One slice of pepperoni and cheese, then I set off. Though I walked the grounds and called out repeatedly, my efforts yielded no sign of Mary Louise.
I phoned the Marcus home. Yvonne thanked me, apologized again. Reassured me there was no need to worry.
And I was back to mute phones and the silence of the annex. To the obstinate dossiers.
To subtle taunting by my subconscious.
Screw the files. I stretched out on the couch in the study. Crossed my ankles. Closed my eyes. Cleared my mind.
What had happened? What had been said? What had I read? Seen? Done?
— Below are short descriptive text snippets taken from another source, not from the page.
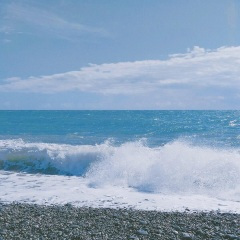 我到底怎么了你能不能说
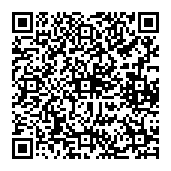 中壢萬能科大都內農可分售-QR CODE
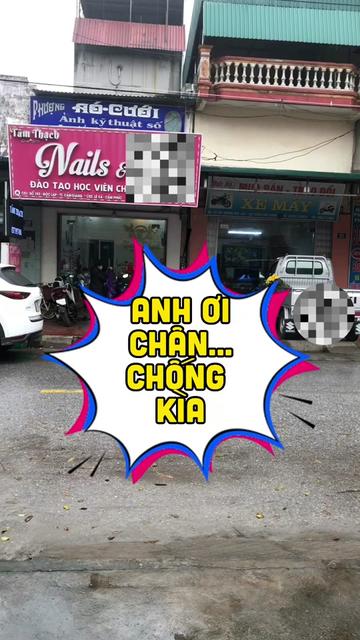 @Nguyễn Hùng Cường
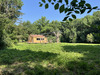 Ma-Cabane - Vente Maison Bras, 50 m²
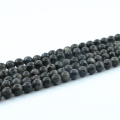 Л-0100 Оптовая bling черный Лабрадорит натуральные драгоценные камни бусины для изготовления ювелирных изделий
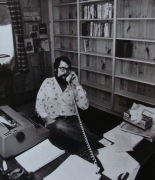 Stephen King (2)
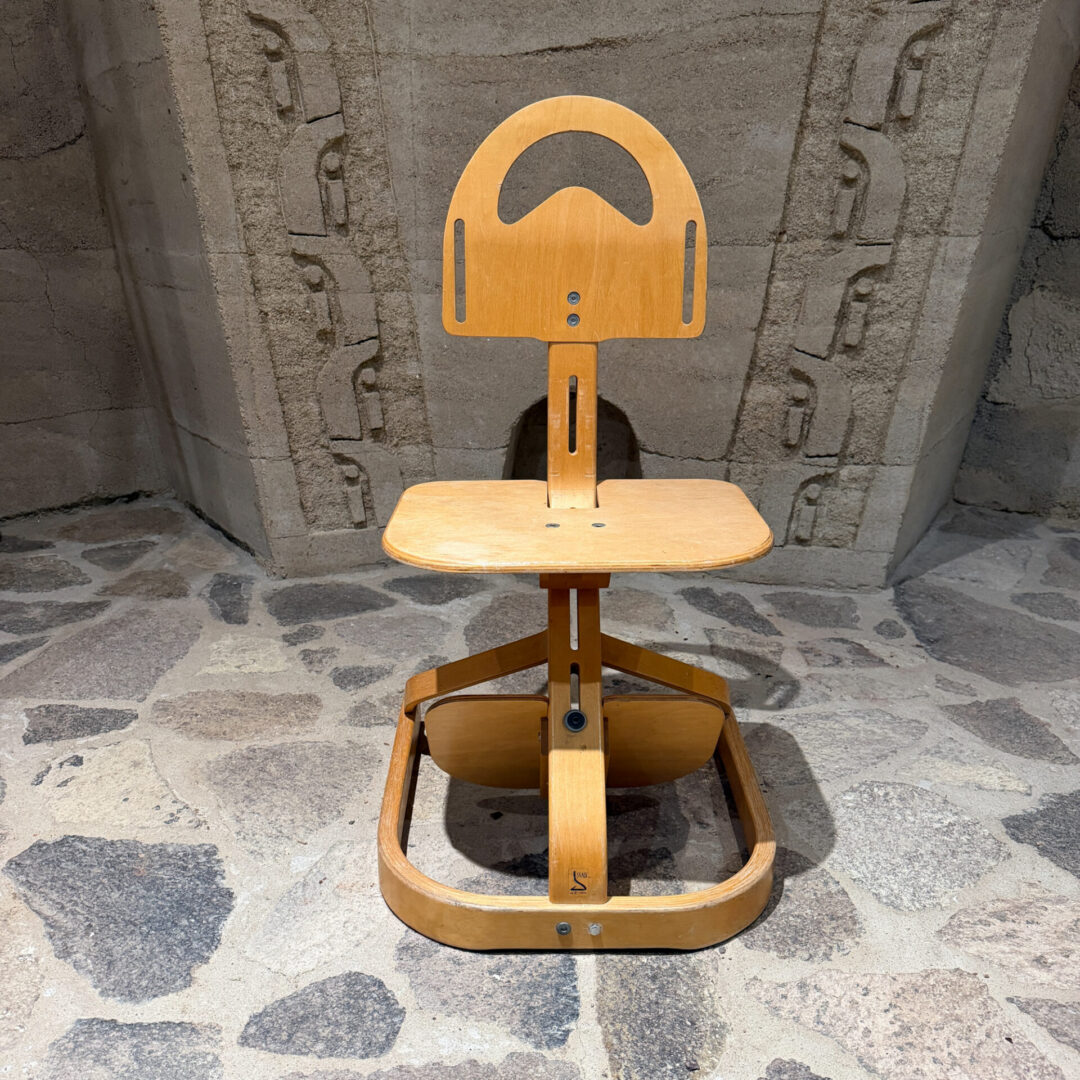 Svan-Plywood-Sewden-Chair-06-26-RR (1 of 17)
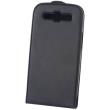 sligo premium flip case for nokia 300 photo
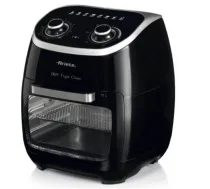 Ariete 4619 Gaisīga Cepeškrāsns | 4619 | 8003705118423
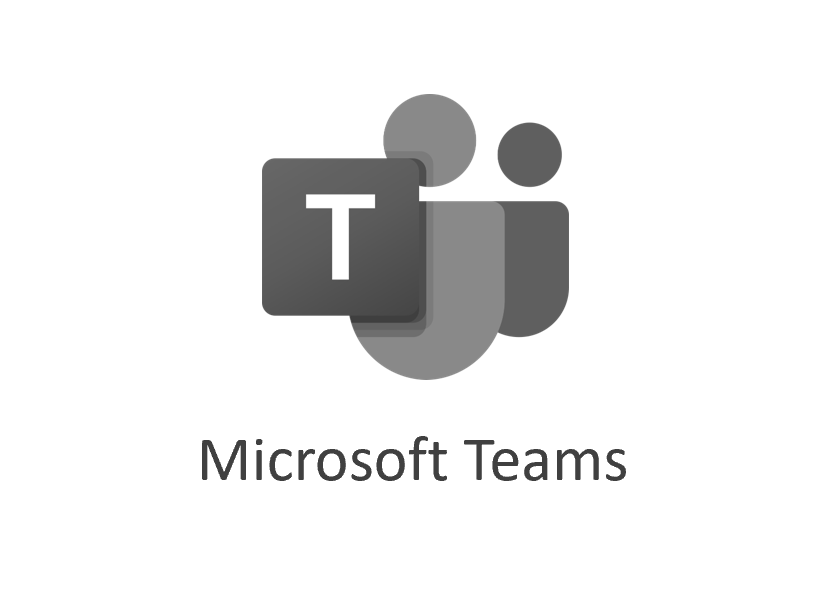 Atelier Teams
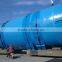 cement mill, high-efficiency ball mill, high quality cement ball mill,top-ranking grinding mill
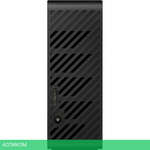 Внешний накопитель Seagate Expansion 12TB (STKP12000400)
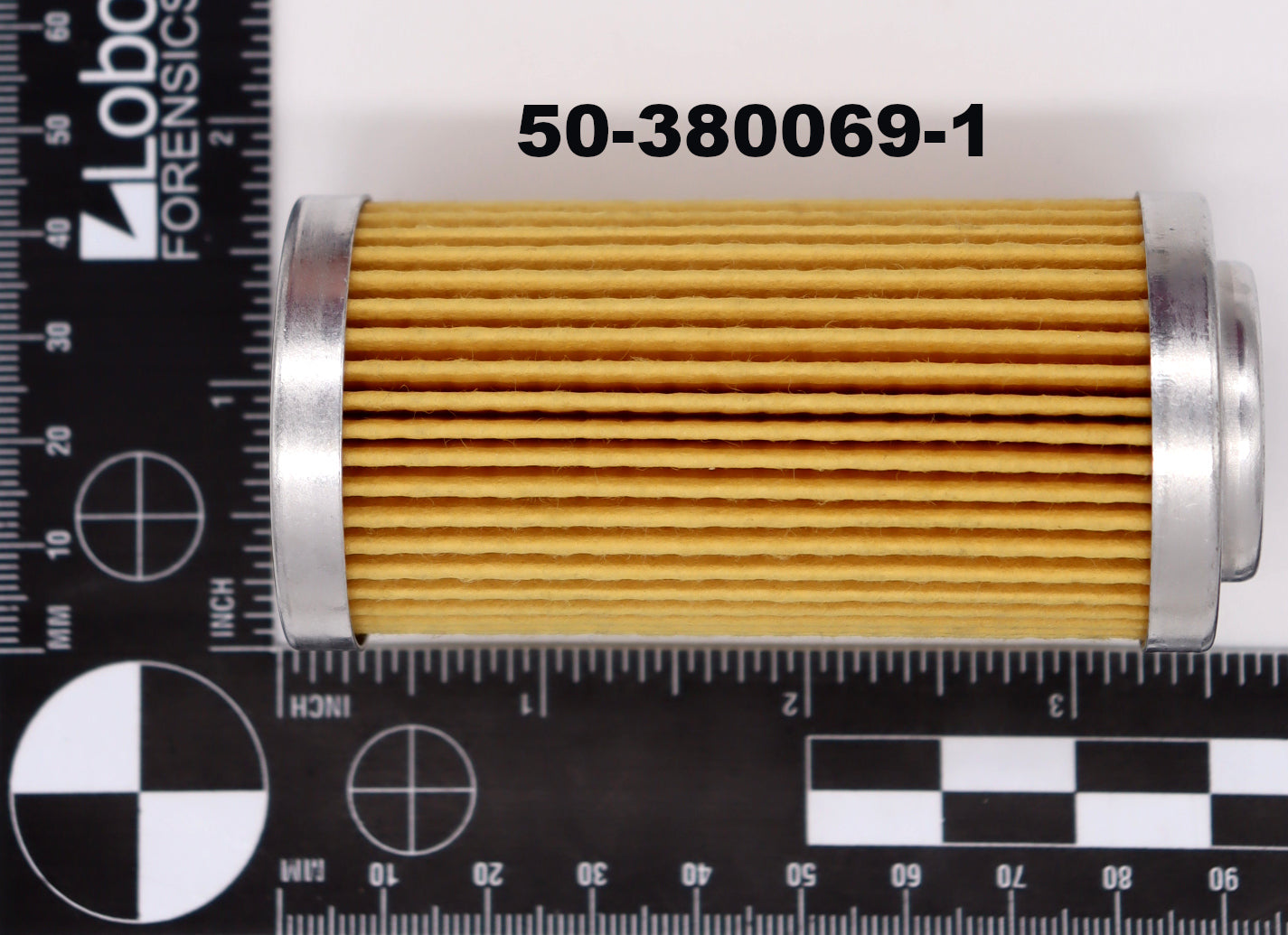 50-380069-1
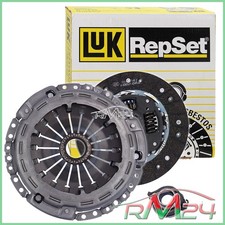 Luk kit frizione per fiat - 1x,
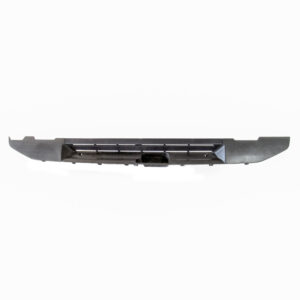 BUMPER FOOT STEP VOLVO FMX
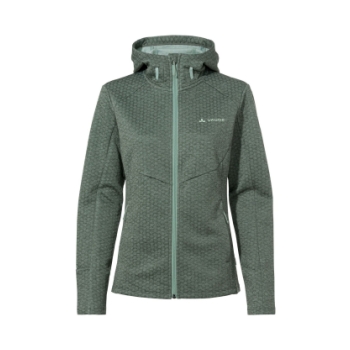 Vaude Women's Skomer Hiking Hoody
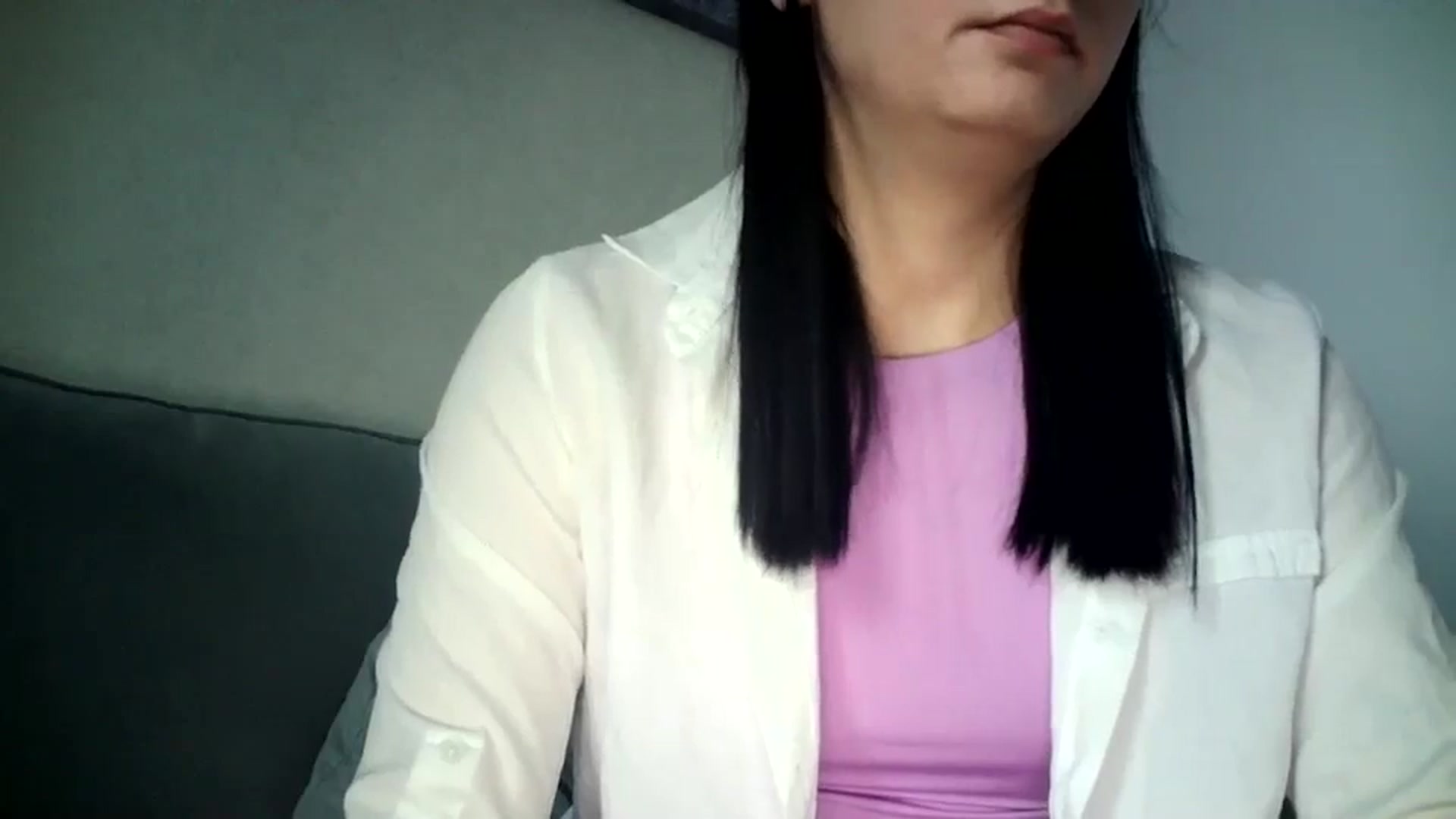 Gallery image thumbnail from flower_girll's myfreecams stream on, 12/19/2024, 11:47 image 6 of 20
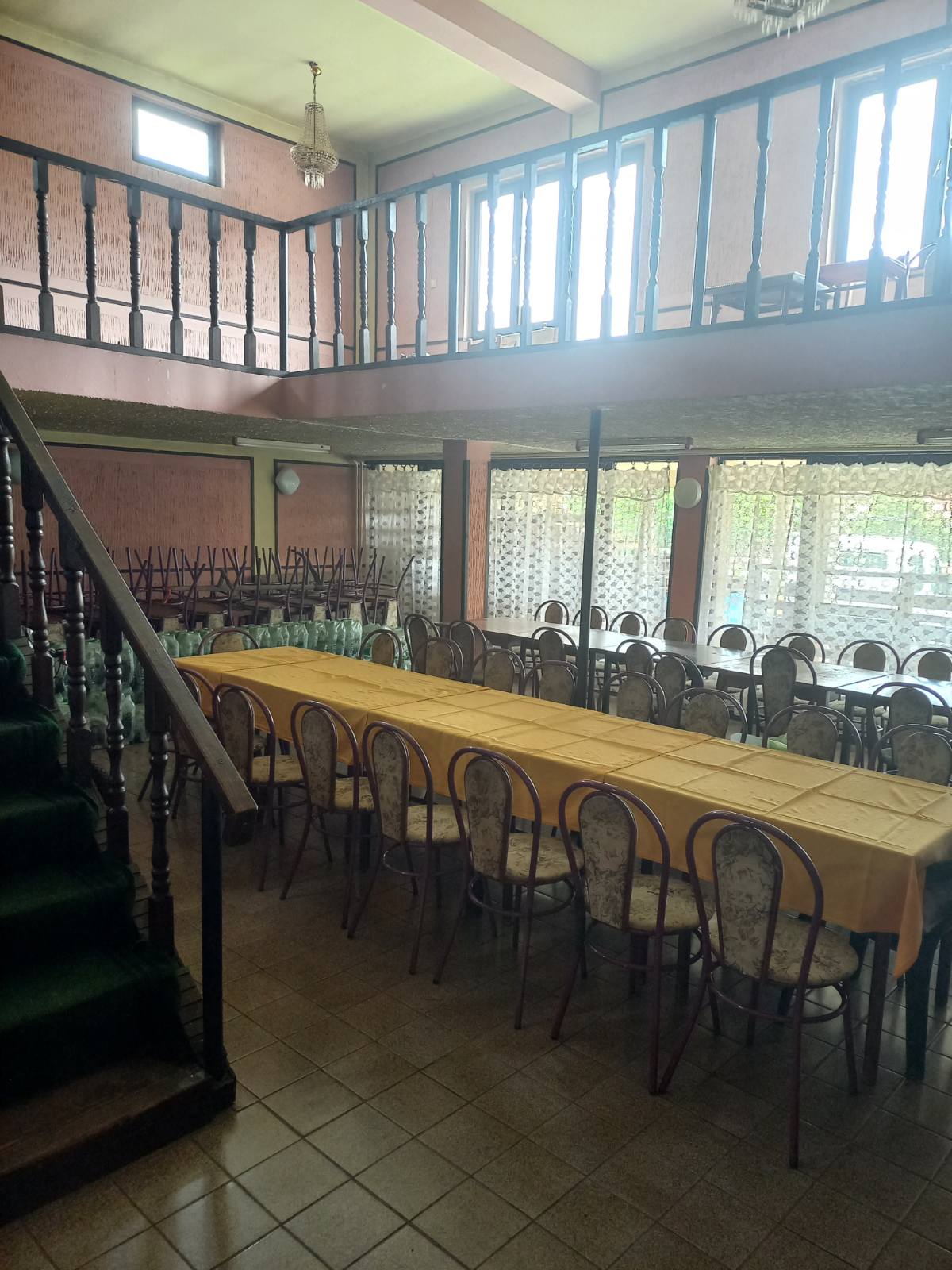 viber slika 2025 10 01 14 29 36 158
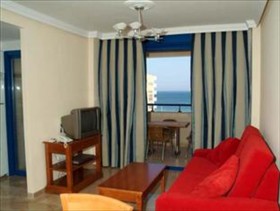 Victoria Beach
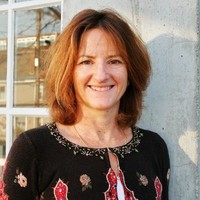 Sandra Strempel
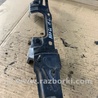 Крепление крыла переднее левое Subaru Forester SJ S13 (12-18)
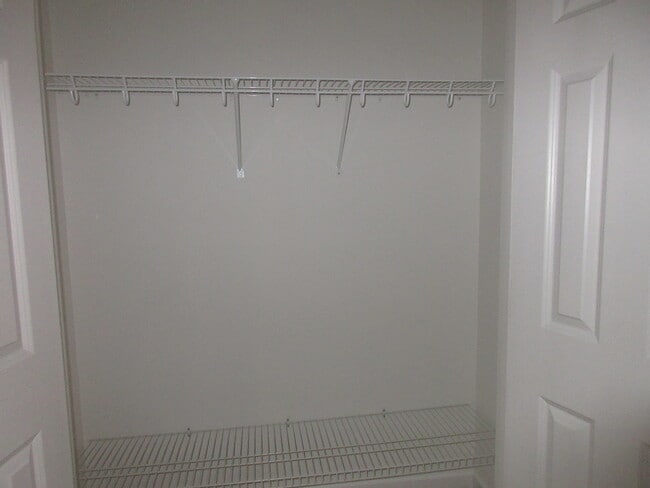 Building Photo - 1068 Mill Creek Loop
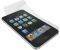 XTREMEMAC TUFFSHIELD IPOD TOUCH 2G GLOSSY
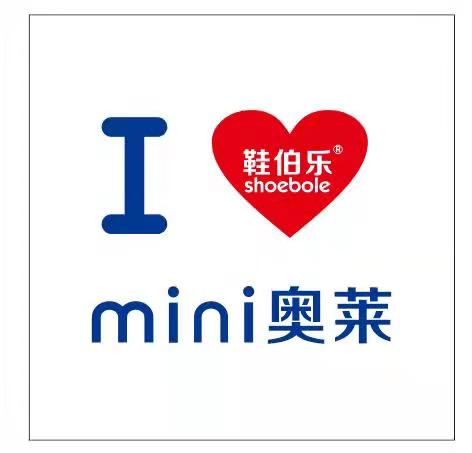 微信图片_20211014170659.jpg
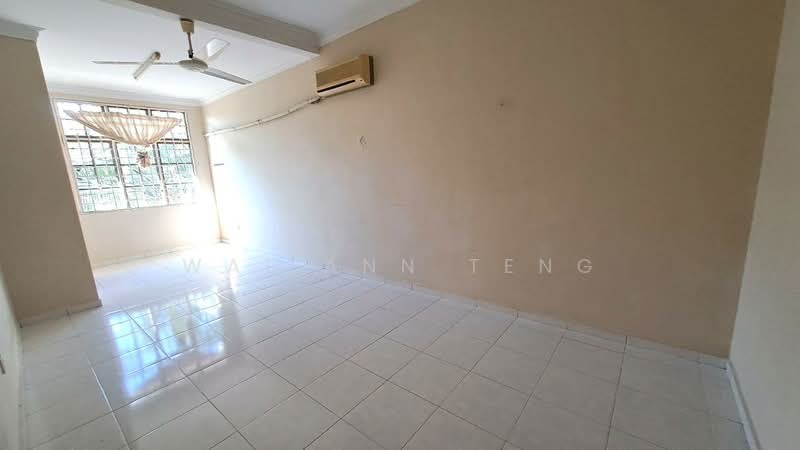 Rumah Teres 2 Tingkat untuk Dijual di Nilai (Negeri Sembilan) - Wai Ann Teng - Interior - PropertyGuru.com.my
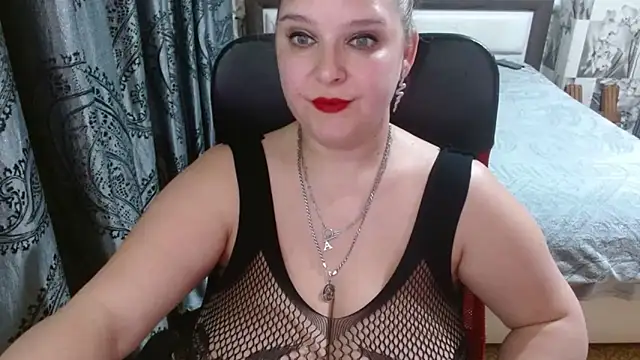 Boolochka online show from March 2026 08:21:02 PM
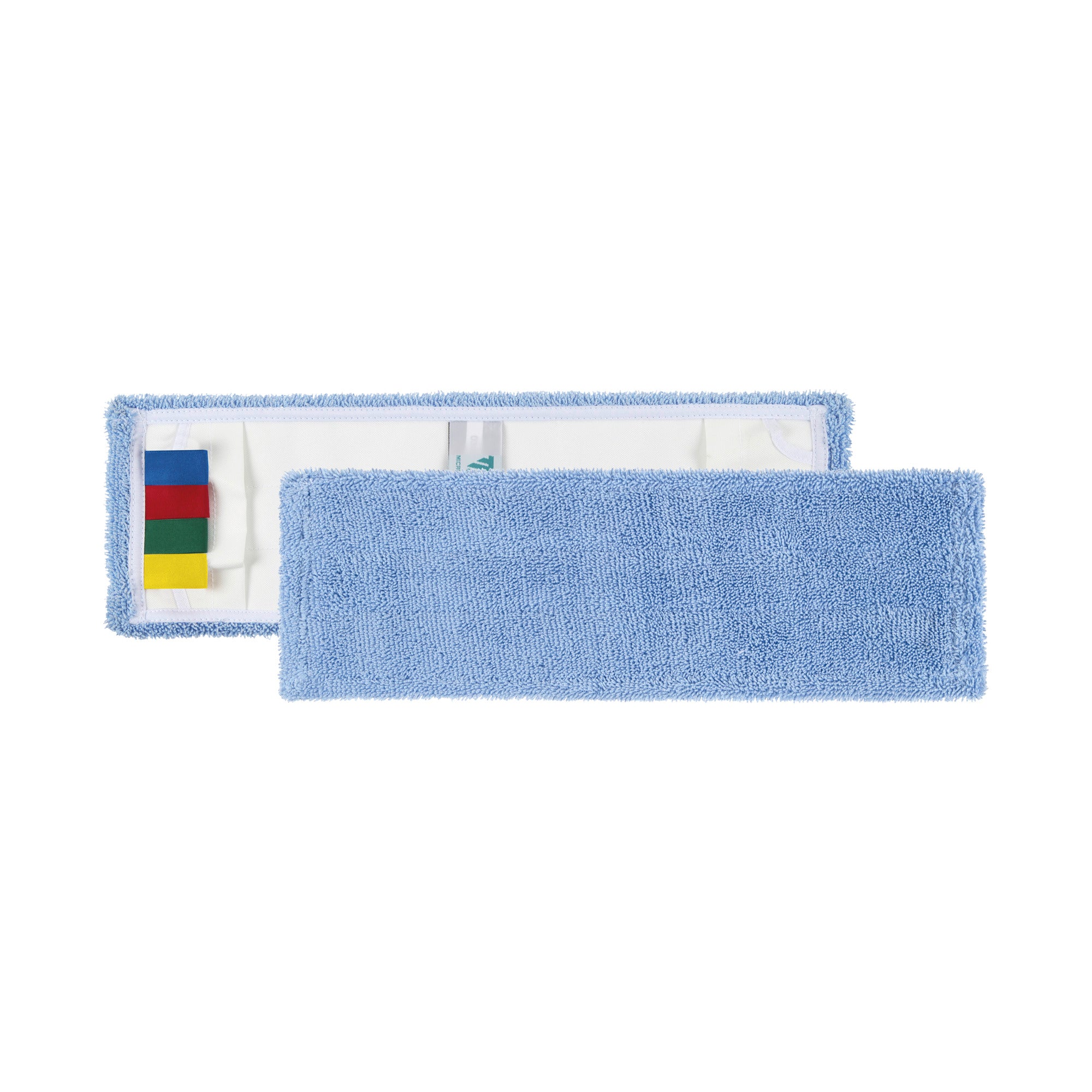 Kärcher Mikrofasermopp Kurzfaser Tasche 50 cm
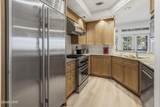 1101 Prospect Promenade - Photo 31
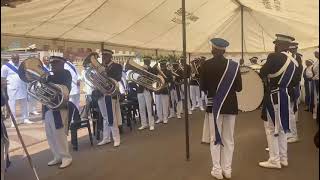 PDK BRASS BAND  GEELHOUT [upl. by Low260]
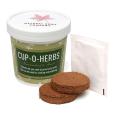 Q059 Paper Cup Grow Kit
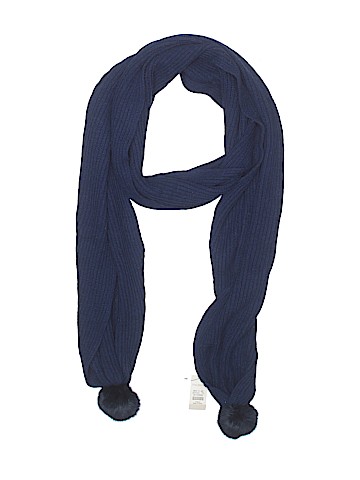 Talbots Scarf (view 1)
I allowed facts and images to percolate in my head. Names. Places. Dates.
The files. The conference room boards. Gower. Nance. Estrada. Koseluk. Donovan. Leal.
The old cases in Montreal. Bastien. Violette. McGee.
The more I struggled, the more the subliminal needle lay flat on the gauge.
The interview with the Violettes. With Sabine Pomerleau. With Tawny McGee’s parents, Bernadette and Jake Kezerian.
Little blip there.
The photo. The realization that McGee had CAIS. The conversation with Lindahl.
Blip.
McGee was our perp. Though devastating, I knew it in my soul.
Where was she? Who was she?
I thought of the interviews with Slidell.
Hamet Ajax.
Ellis Yoder.
My higher centers touched something in the murky depths.
What?
Alice Hamilton.
The needle blipped higher.
Come on. Come on.
A dingy apartment on North Dotger.
The needle lifted, dropped as the thing slipped away.
Crap. Crap. Crap.
From nowhere, a comment by Slidell. Alice down the rabbit hole.
A name printed on a magazine. Alice Hamilton.
A name scribbled in a journal in a cellar. Alice Kimberly Hamilton.
The needle fired up and slapped over to the right.